In this article, we will walk through the steps for creating GPU accelerated containers for use in IoT Solutions on Nvidia Jetson family devices. This will enable you to perform enhanced processing of Artificial Intelligence and Machine Learning workloads by exposing access to on-board GPU hardware for use in containerized processes. When coupled with an IoT focused container orchestrator like Azure IoT Edge, we can deploy these accelerated workloads as modules that can be configured and deployed directly from the cloud and then shipped down to our devices. This provides the ability to create a full end-to-end GPU accelerated IoT solution that can be updated securely and remotely as needed.

Getting Started

Nvidia produces a number of devices suited for IoT solutions in their Jetson line of device offerings. These include the beefy 512-Core Jetson AGX Xavier, mid-range 256-Core Jetson TX2, and the entry-level $99 128-Core Jetson Nano.
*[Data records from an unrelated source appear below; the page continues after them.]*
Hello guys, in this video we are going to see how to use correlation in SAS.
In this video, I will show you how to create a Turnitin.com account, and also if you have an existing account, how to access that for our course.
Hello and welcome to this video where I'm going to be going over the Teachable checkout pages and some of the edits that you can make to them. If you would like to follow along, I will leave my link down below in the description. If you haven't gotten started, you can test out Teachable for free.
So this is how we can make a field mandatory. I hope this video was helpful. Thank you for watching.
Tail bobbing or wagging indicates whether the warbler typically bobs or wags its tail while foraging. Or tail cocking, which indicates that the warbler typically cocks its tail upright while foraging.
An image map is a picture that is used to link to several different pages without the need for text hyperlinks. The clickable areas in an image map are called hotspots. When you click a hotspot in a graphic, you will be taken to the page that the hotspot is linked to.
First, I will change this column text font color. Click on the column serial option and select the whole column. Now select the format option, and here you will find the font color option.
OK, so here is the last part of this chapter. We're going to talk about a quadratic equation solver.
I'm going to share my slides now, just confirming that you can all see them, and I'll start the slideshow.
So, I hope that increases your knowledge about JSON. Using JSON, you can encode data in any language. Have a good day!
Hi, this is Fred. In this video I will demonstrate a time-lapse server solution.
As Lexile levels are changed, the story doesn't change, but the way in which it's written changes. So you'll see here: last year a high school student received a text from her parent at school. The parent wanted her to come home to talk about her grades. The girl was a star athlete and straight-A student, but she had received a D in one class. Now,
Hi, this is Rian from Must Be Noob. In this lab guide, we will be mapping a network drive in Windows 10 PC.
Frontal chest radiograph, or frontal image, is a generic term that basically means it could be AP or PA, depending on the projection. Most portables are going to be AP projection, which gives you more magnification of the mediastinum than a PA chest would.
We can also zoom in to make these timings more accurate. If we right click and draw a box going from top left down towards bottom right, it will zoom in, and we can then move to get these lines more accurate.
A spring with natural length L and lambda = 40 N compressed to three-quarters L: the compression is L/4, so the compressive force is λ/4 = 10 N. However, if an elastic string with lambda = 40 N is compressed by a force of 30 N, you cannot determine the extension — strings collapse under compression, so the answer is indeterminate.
To follow along with this article, you will need one of the following devices:

Note: We will specifically employ the Jetson Nano device in this article. Keep in mind that the process involved in the steps that will be provided are technically adaptable across the full family of Jetson devices, however, the specifics for each platform are too complex to cover in a single article. For this reason, we will explain the overall process in enough detail to hopefully point you in the right direction if you are using a different device.

If you are interested in how to construct similar examples of Dockerfiles for other Nvidia platforms, I highly suggest taking a look at the jetson-containers repo published by Ian Davis. This repository contains a wealth of relevant information and was highly leveraged during the creation of this content.

High Level Overview

To make use of GPU drivers on a device, we need to:

The process for creating a container with access to host GPU resources may appear straightforward. It is technically no different than the steps that would be followed if you wanted to run an accelerated workload on the host itself. However, in practice there are a few issues which make this process a bit more difficult.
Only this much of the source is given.